Но – я делаю истинное усилие, чтоб остановиться – перейдемте к третьей стороне римской жизни, она же самая захватывающая внимание, самая новая сторона. Я говорю об его современном состоянии, об его Risorgimento. Трудно себе представить перемену, которая совершилась в Риме в один год, – особенно трудно потому, что мы вообще судим об Италии по готовым понятиям и совершенно внешним фактам. Об этом в следующем письме. Теперь позвольте ненадолго оставить Рим в покое, – ему, вечному городу
, ничего не значит подождать, а мне хочется побеседовать с вами о моих прошлых письмах. Слышал я, что вы-таки побранили меня за них, – кто вступился за французских буржуа, кто за немецкую кухню, все за неуважительный тон, за легость и поверхностность, за фамильярность с важными предметами, за недостаток достодолжной скромности в обращении с старшими братьями, за недомолвки, наконец, которые тоже поставили мне на счет. Вы ими недовольны, потому что придали им значение, которого они не имели. Несколько набросанных впечатлений, несколько заметок, шутки и дело, мысли, помеченные на скорую руку середь иных занятий, при недосуге, при новости явлений, при оглушительном громе событий, под влиянием досады, которую назвать и определить было труднее, нежели кажется, – вот смысл бранимых писем. Письма эти вовсе не отчет о путешествии, не результат, выведенный из посильного изучения Европы, не последнее слово, не весь собранный плод – ничего подобного у меня не было в помышлении, когда я набросал их; мне просто хотелось передать первое столкновение с Европой; в них вылились местами, рядом с шуткой и вздором, негодованье, горечь, которой поневоле переполнялась душа, – ирония, к которой мы столько же привыкли, как «раб Ксанфа» Езоп к аллегории; у меня не было задней мысли, не было заготовленной теории ничему не удивляться – или всему удивляться, а было желание уловить мелькающие, летучие впечатления откровенно, добросовестно – вот и все. На беду редакция поместила их в «большой угол» журнала; они скромно проскользнули бы в смеси, как небольшой арабеск, идущий к сеням, к галерее – но несносный в гостиной[256].Еще слово о неуважительном тоне, это мой грех, сознаюсь и каюсь.

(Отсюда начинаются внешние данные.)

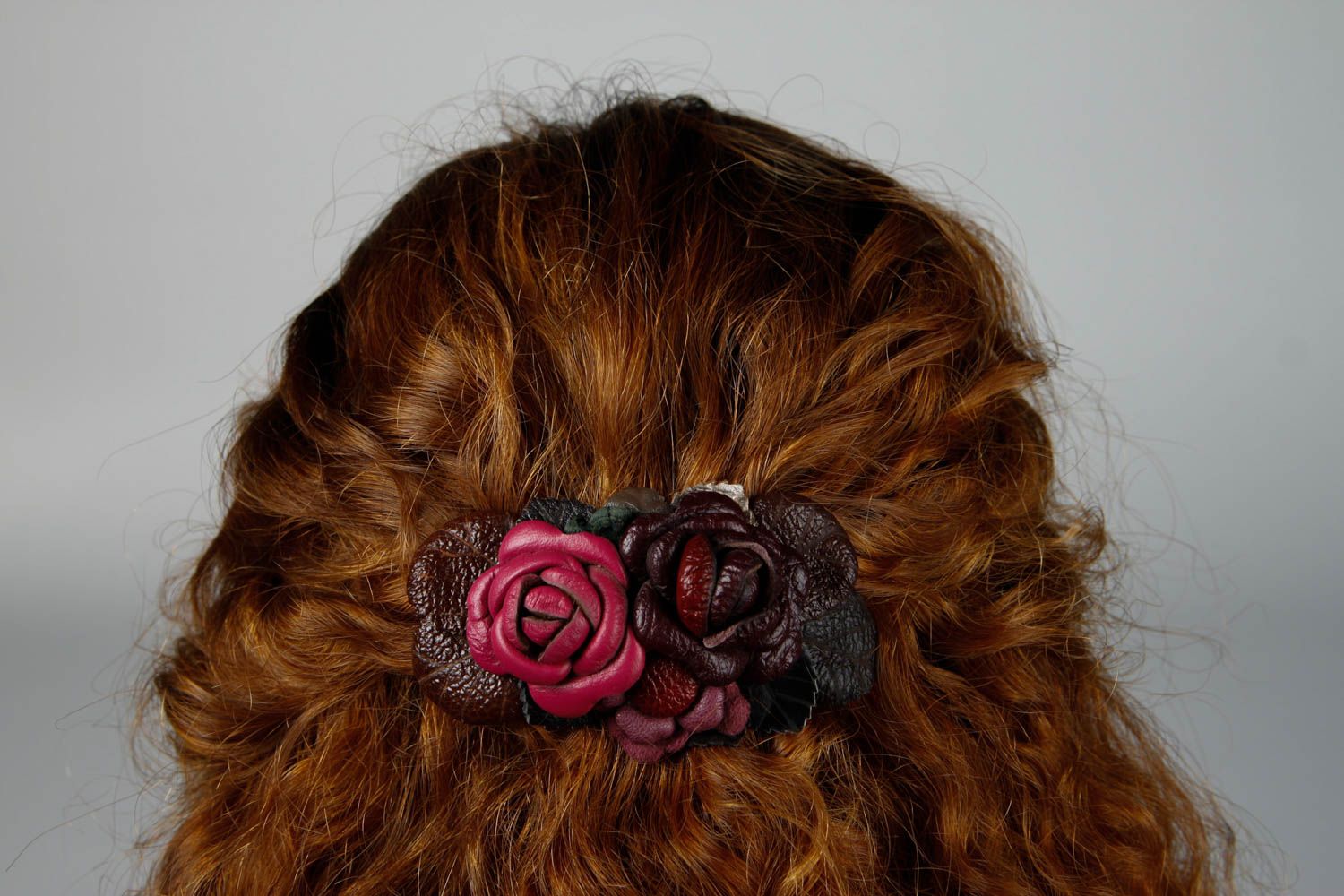 Handmade Haar Spange Accessoire für Haare Haarschmuck Blüten aus Leder foto 2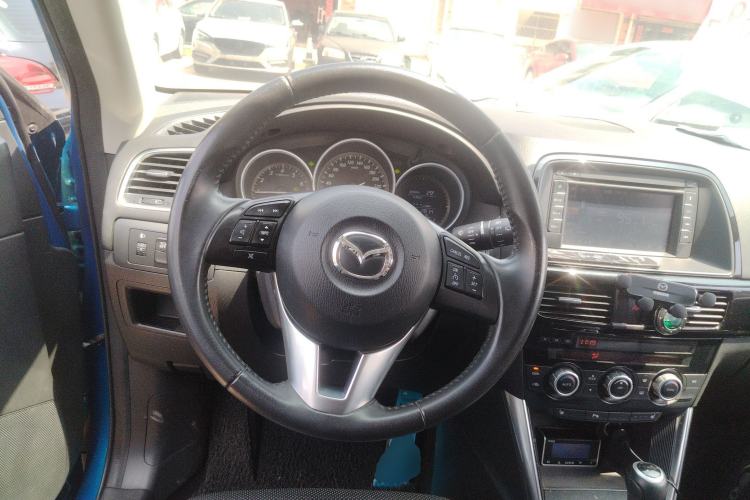 Used Mazda CX-5 2013 2.5L Automatic 4x4 Luxury Version Steering Wheel
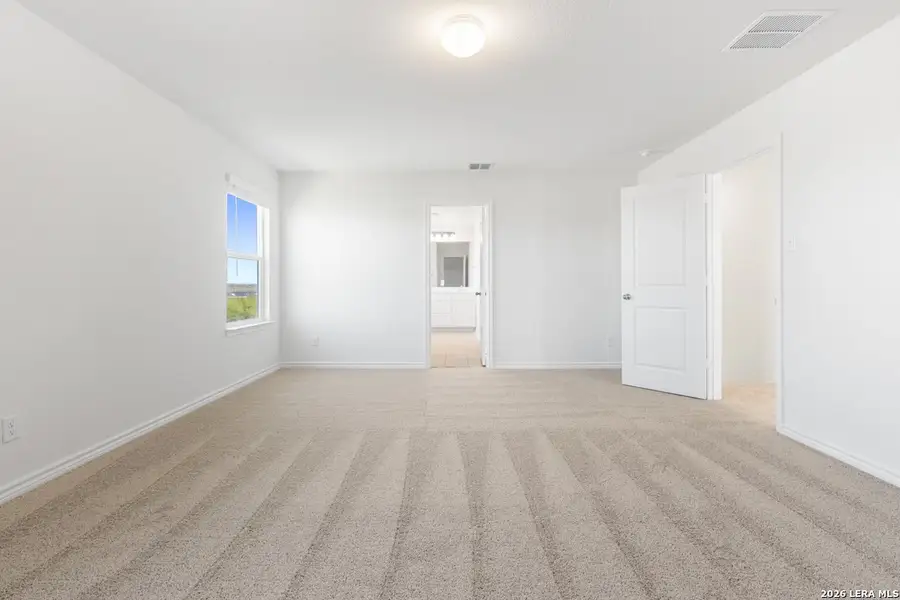Spacious, unfurnished interior of a new home in Knox Ridge, Converse (Image 14).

Но знаете ли, что всего хуже? Не только в моих письмах, но и в моем сердце недостает этой смиренной, почтительной струны, готовой умильно склониться, принижаться
, для которой необходимо поклонение чему-нибудь – золотому теленку или серебряному барану, русским древностям или парижским новостям. Из всех преступлений я всего дальше от идолопоклонства и против второй заповеди никогда не согрешу; кумиры мне противны. Мне кажется, что человек тогда только свободно смотрит на предмет, когда он не гнет его в силу своей теории и не гнется перед ним. Мы из рук вон скромны и чрезвычайно любим церемонии и торжественность, мы любим придавать некоторым действиям нашим (и в том числе писанию) какой-то серьезный, величавый характер, который для меня очень смешон, – ведь и жрецы благоговейно и серьезно резали в стары годы баранов и быков в пользу Олимпа, воображая, что куда какое важное дело делают. Уважение к предмету, не непроизвольное, а текущее из принятой теории, принимаемое за обязанность, – ограничивает человека, лишает его свободного размаха. Предмет, говоря о котором, человек не может улыбнуться[257], не впадая в кощунство, не боясь угрызений совести, – фетиш, и человек не свободен, он подавлен предметом, он боится его смешать с простою жизнию, так, как дикая живопись и египетское ваяние дают неестественные позы и неестественный колорит, чтоб отделиться от презренного мира телесной красоты и мягких, грациозных движений. – Мне в Италии ни над чем не хочется смеяться, в Италии всего менее смешного, пошлого, мещанского – я, помнится, нигде не смеялся и над Францией, стоящей за ценсом – – а в плесени, покрывающей общество во Франции, все вызывало смех, все досадовало, все дразнило меня, больше нежели в Германии, потому что в Германии все эти petites mis`eres[258] как-то не так возмутительны, – я и досадно смеялся, писавши мои письма из Avenue Marigny, я готов плакать, писавши письма с via del Corso – в обоих случаях я не лгу, в этом могу вас уверить. – До следующего письма.1847. Декабрь. Рим.